A Study of Sources and Performance Practice Issues in Recently-Rediscovered Manuscripts of Seventeenth-Century French Harpsichord Music

Project: Research project

Project Details

Description

The development of seventeenth-century French harpsichord music is enigmatic in several respects. Although little is known about the formation of this style before 1650 (we have names of composers, but no surviving music), the style has attained a high degree of refinement and sophistication in the music of the earliest known masters (e.g. Chambonnières, Louis Couperin, D’Anglebert). The creative processes behind how the seventeenth-century musicians taught and played remained steeped in mystery. A study of recently rediscovered manuscripts offers fresh opportunity for a reassessment of performance practice issues, as well as insight into how contemporary harpsichordists taught and played. By compiling a thematic catalogue of some 20 sources containing seventeenth-century French harpsichord music rediscovered since the publication of Bruce Gustafson’s catalogue of this repertory (1979, 1990), information on new sources, modern editions, scholarly publications, archival materials, and other items of relevance—some of which currently unavailable and some of which currently dispersed across many different locations—will be assembled, classified, catalogued and stored on one convenient site. This updated knowledge base will provide materials for revisiting key issues pertaining to this repertory: how to define the “work”, what could be possible variants (melodic, rhythmic, textural) between performances, what is the role of improvisation, among others.
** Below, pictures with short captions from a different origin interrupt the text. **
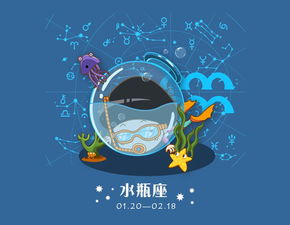 双鱼座：玻璃心专业户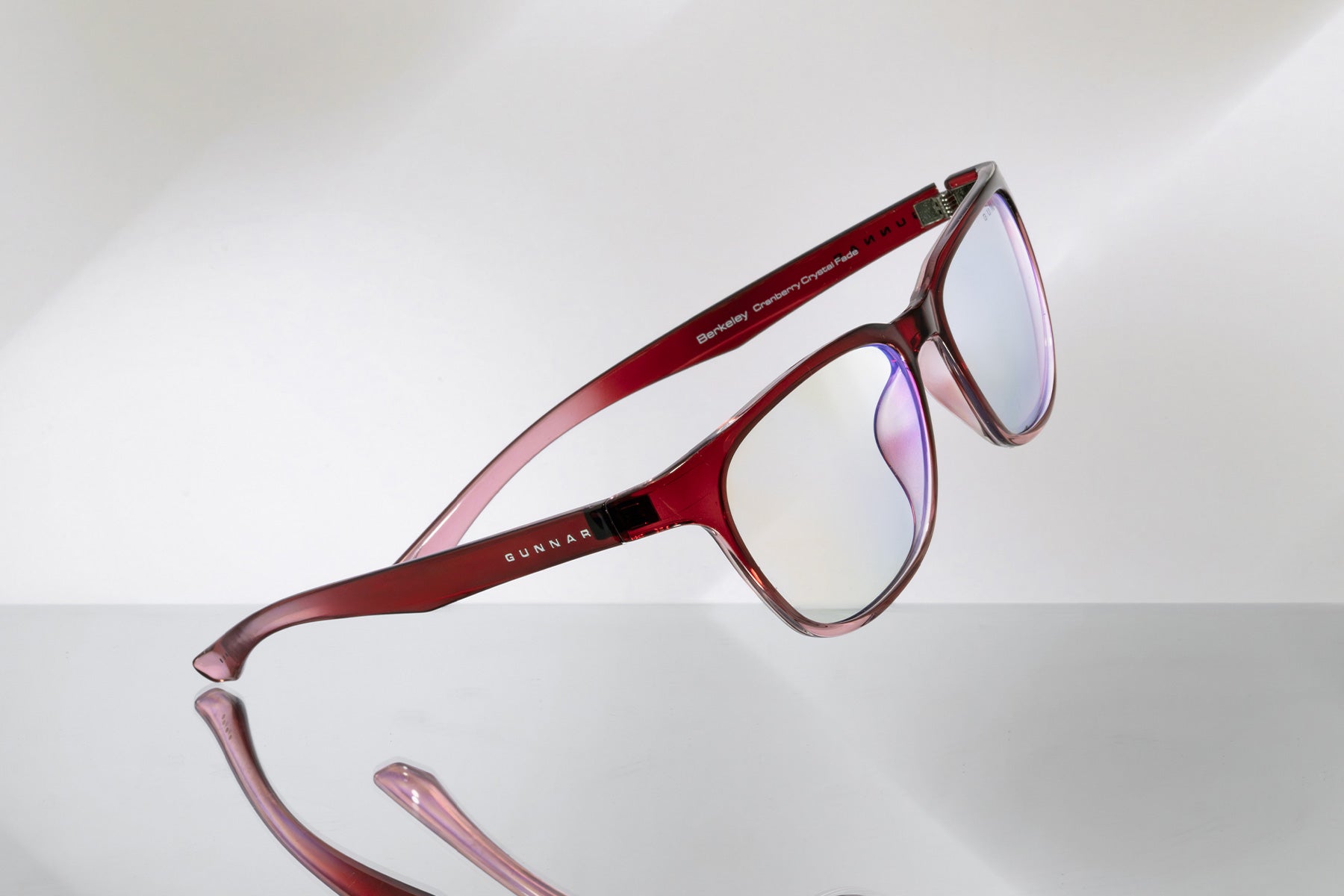 cranberry-crystal-fade-clear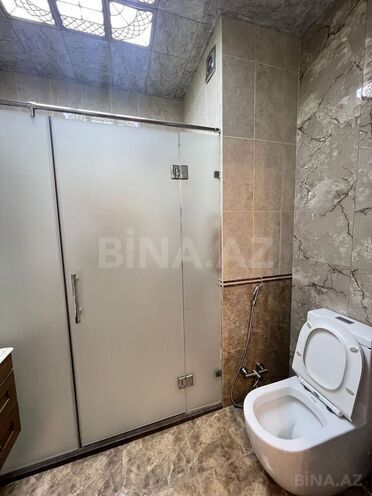 Продаётся 2-комн. новостройка 92 м², пос. Аг шехер, photo 17 from 18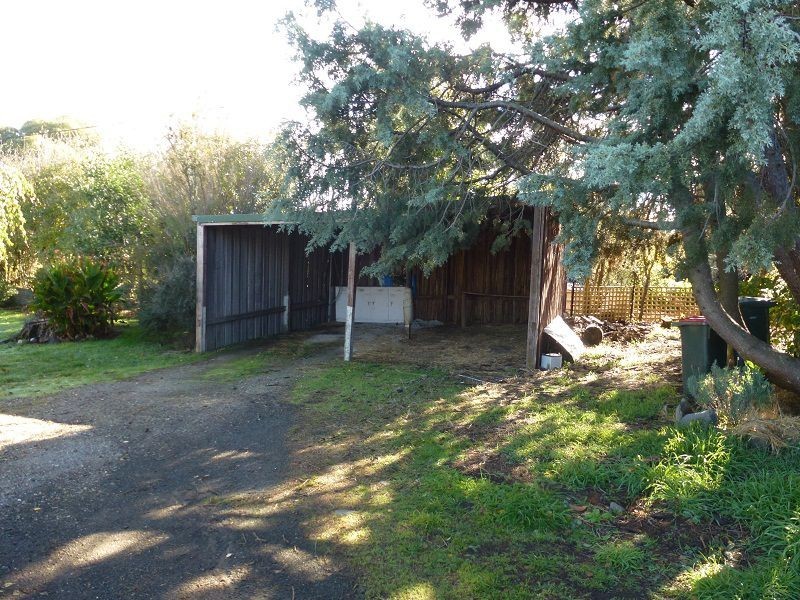 29 Five Acre Row, Westbury TAS 7303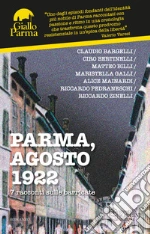 Bargelli Claudio; Bertinelli Ciro; Billi Matteo; Soncini M. (cur.)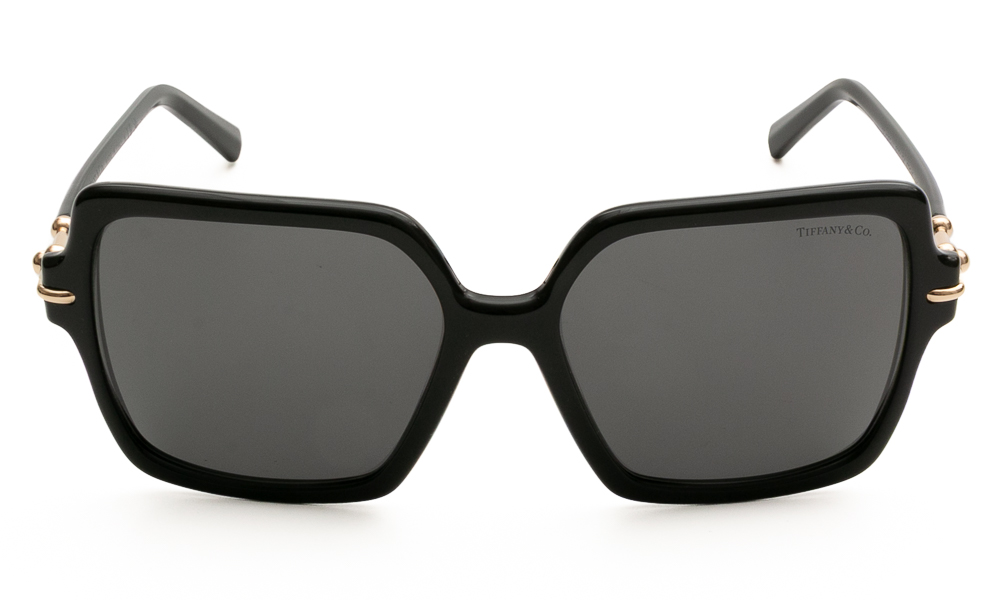 SUNGLASSES TIFFANY & CO 4260U 8001S4 5716 2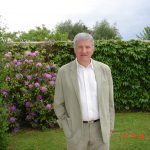 RENARD Michel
In particular, a comparative study of variant readings between concordant versions and related performance practice matters will inform the present-day performer on ways to maintain spontaneity in works that were composed, and on ways to be creative yet stay faithful to the original spirit of the music. An innovative feature of this project is that information of the sources will be digitally converted to modern terms and organized into databases, paving the way for an online publication which allows scholars worldwide to freely access and locate accurate and updated information using advanced search facilities.